_Prompt_
Look below for the line containing "Многосценарное крепление для", then write out that line and every line after it to the end, exactly, minus the pictures.

_Task material_
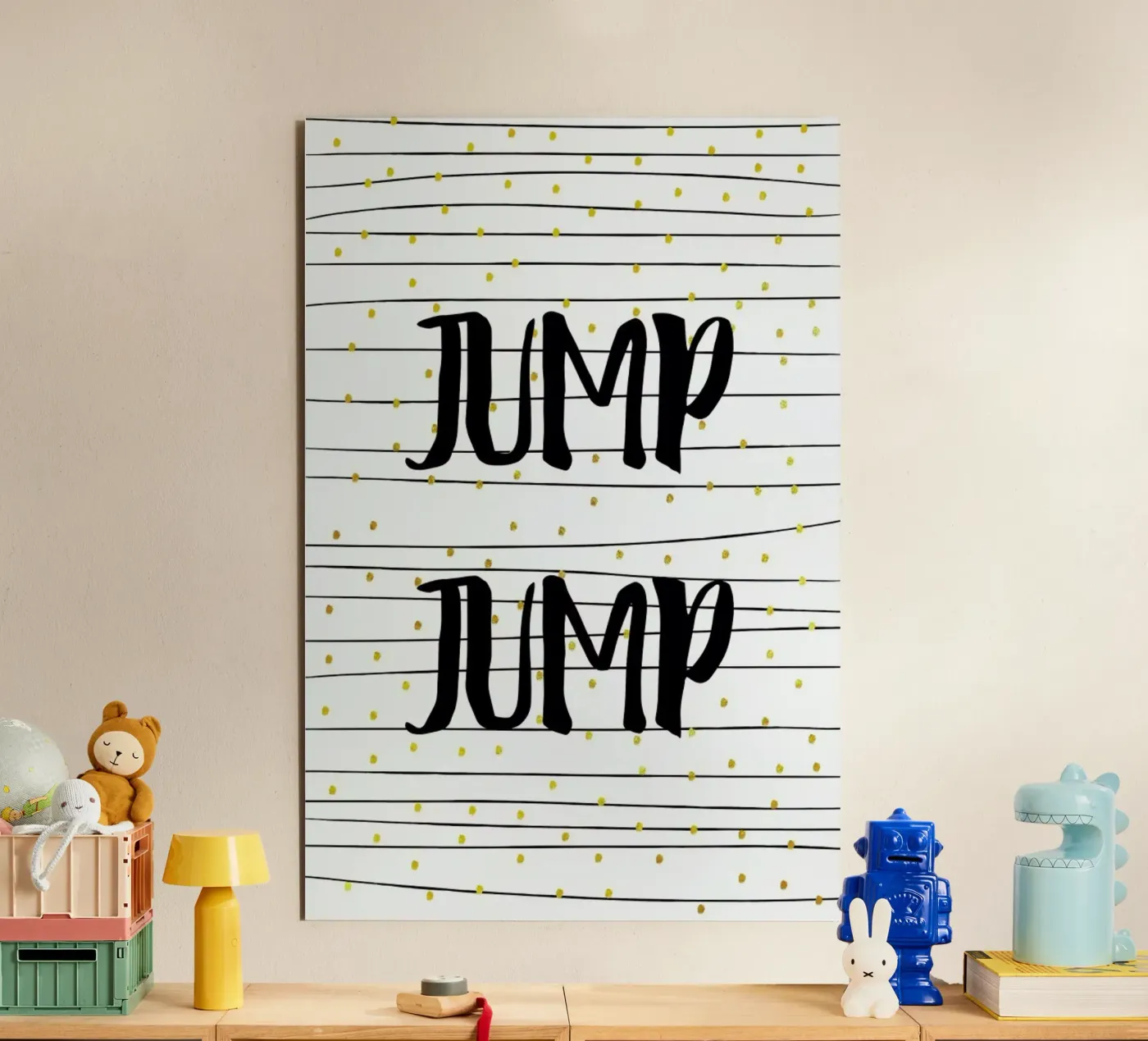 Jump alluminio dibond da Froilein Juno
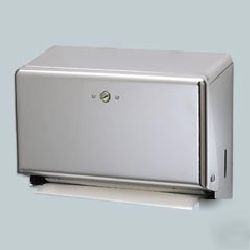 Mini combo c-fold / multifold towel dispenser san T1950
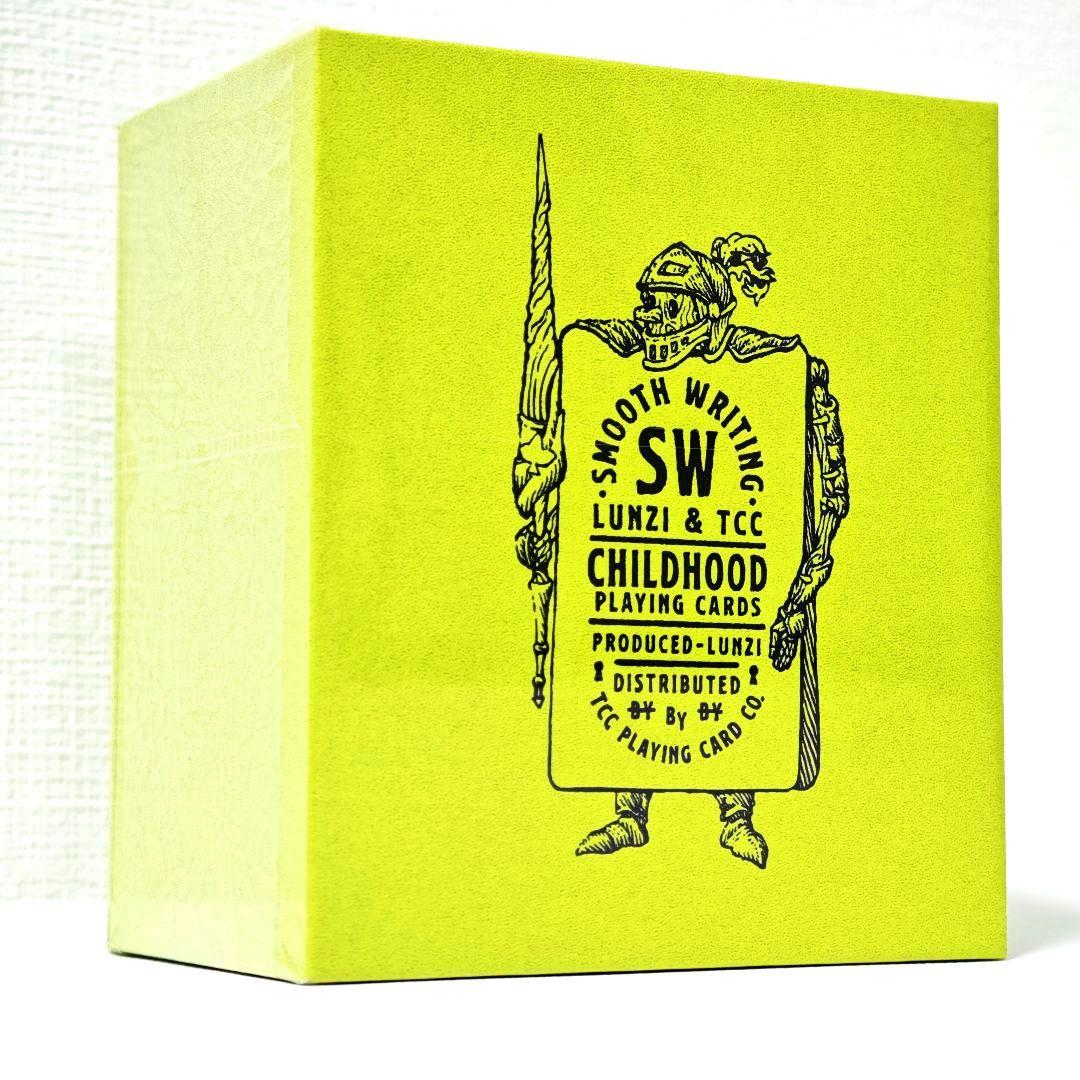 【限定/新品：トランプ】Childhood Playing Cards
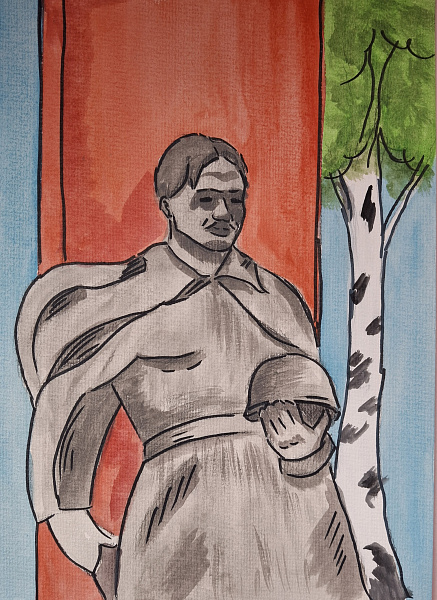 Памятник войнам ВОВ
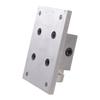 Многосценарное крепление для pole dance к потолку Простые установки Угловое сверление Стальная алюминиевая конструкция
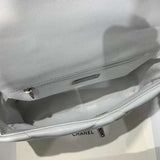 Zivas Charm Streamlined Design Designer Handbag (Thoughtfully Structured Design) – Back View
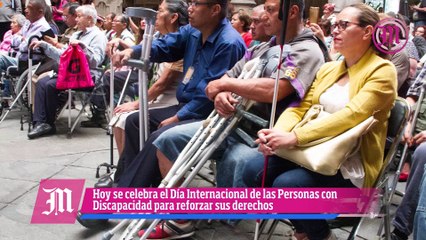 Día Internacional de las Personas con Discapacidad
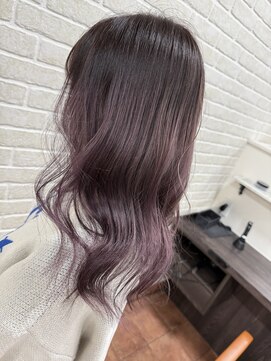 ラベンダーカラー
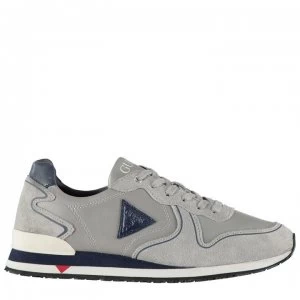 Guess New Glory Mens Trainers - Grey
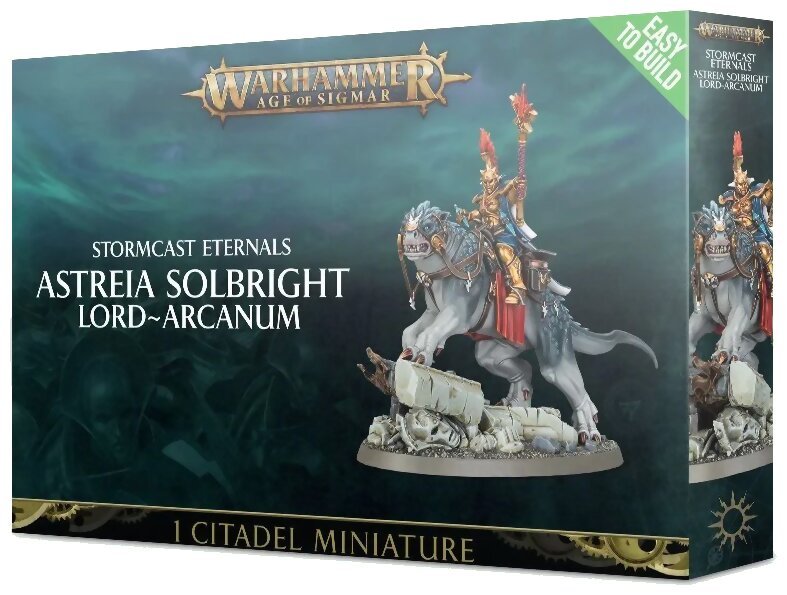 Age of Sigmar - Lord Arcanum Astreia Solbright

_Solution for this task_
 Многосценарное крепление для pole dance к потолку Простые установки Угловое сверление Стальная алюминиевая конструкция
 Zivas Charm Streamlined Design Designer Handbag (Thoughtfully Structured Design) – Back View
 Día Internacional de las Personas con Discapacidad
 ラベンダーカラー
 Guess New Glory Mens Trainers - Grey
 Age of Sigmar - Lord Arcanum Astreia Solbright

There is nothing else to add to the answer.